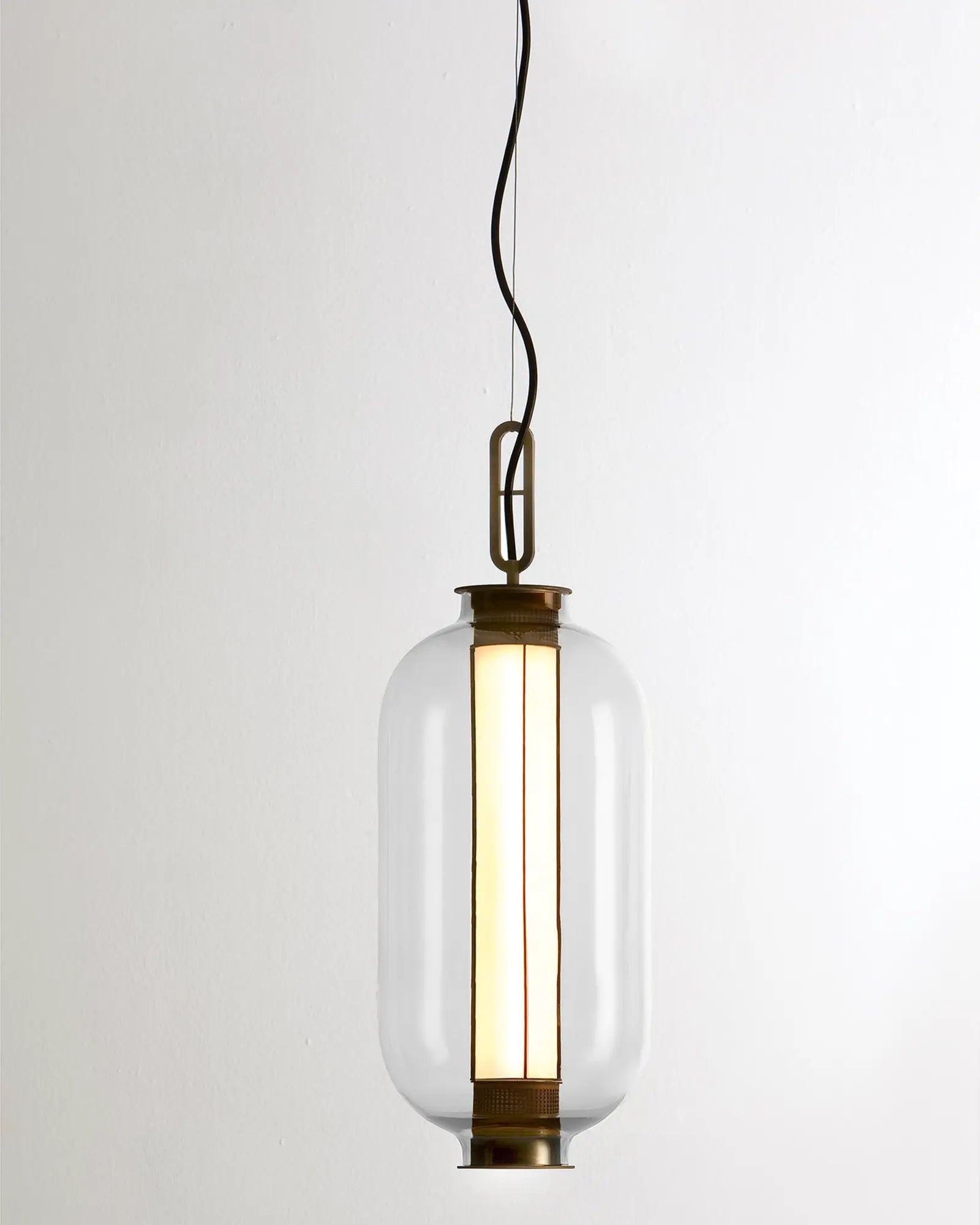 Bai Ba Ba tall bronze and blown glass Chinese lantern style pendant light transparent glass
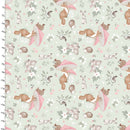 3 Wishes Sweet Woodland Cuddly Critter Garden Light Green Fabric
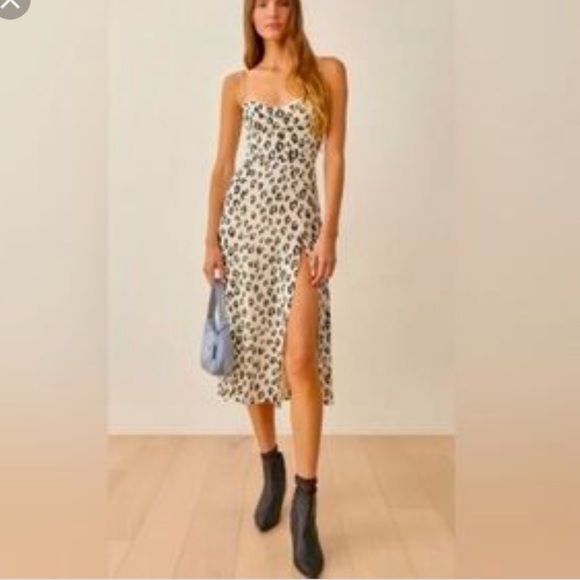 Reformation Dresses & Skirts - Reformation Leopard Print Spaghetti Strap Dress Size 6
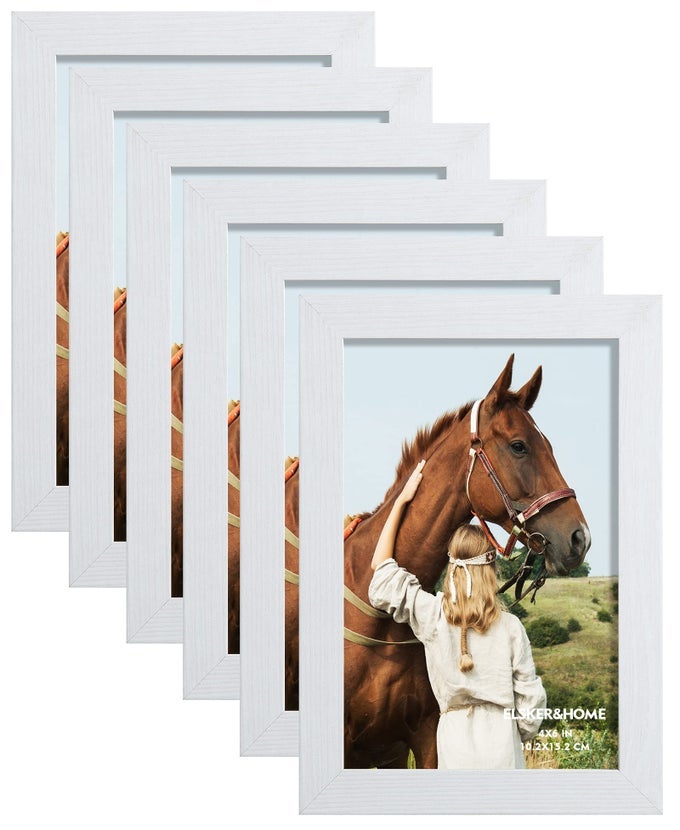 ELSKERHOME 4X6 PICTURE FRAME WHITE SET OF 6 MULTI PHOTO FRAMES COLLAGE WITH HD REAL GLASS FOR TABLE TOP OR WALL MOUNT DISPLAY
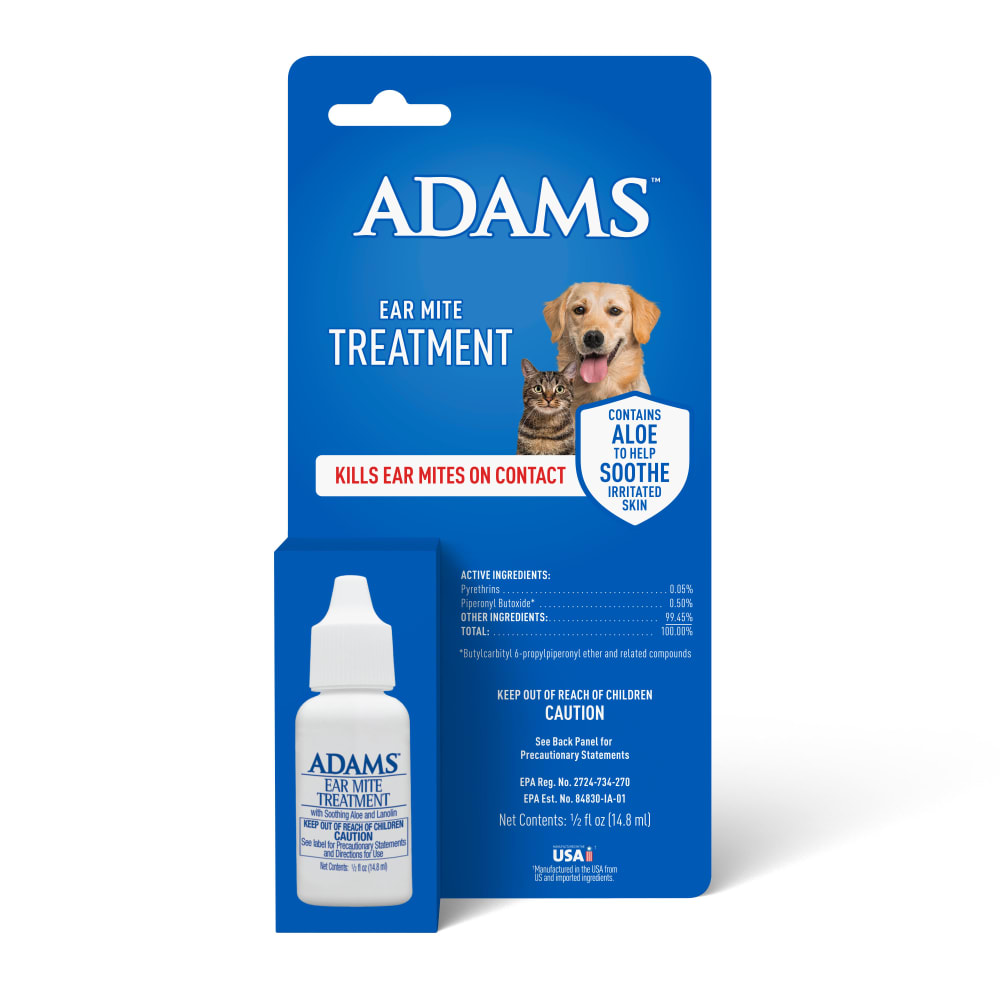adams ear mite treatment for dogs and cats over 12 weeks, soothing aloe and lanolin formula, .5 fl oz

▸ **Exercise prompt**
Copy all the records above exactly, but leave out the pictures.

▸ **Finished exercise**
 Bai Ba Ba tall bronze and blown glass Chinese lantern style pendant light transparent glass
 3 Wishes Sweet Woodland Cuddly Critter Garden Light Green Fabric
 Reformation Dresses & Skirts - Reformation Leopard Print Spaghetti Strap Dress Size 6
 ELSKERHOME 4X6 PICTURE FRAME WHITE SET OF 6 MULTI PHOTO FRAMES COLLAGE WITH HD REAL GLASS FOR TABLE TOP OR WALL MOUNT DISPLAY
adams ear mite treatment for dogs and cats over 12 weeks, soothing aloe and lanolin formula, .5 fl oz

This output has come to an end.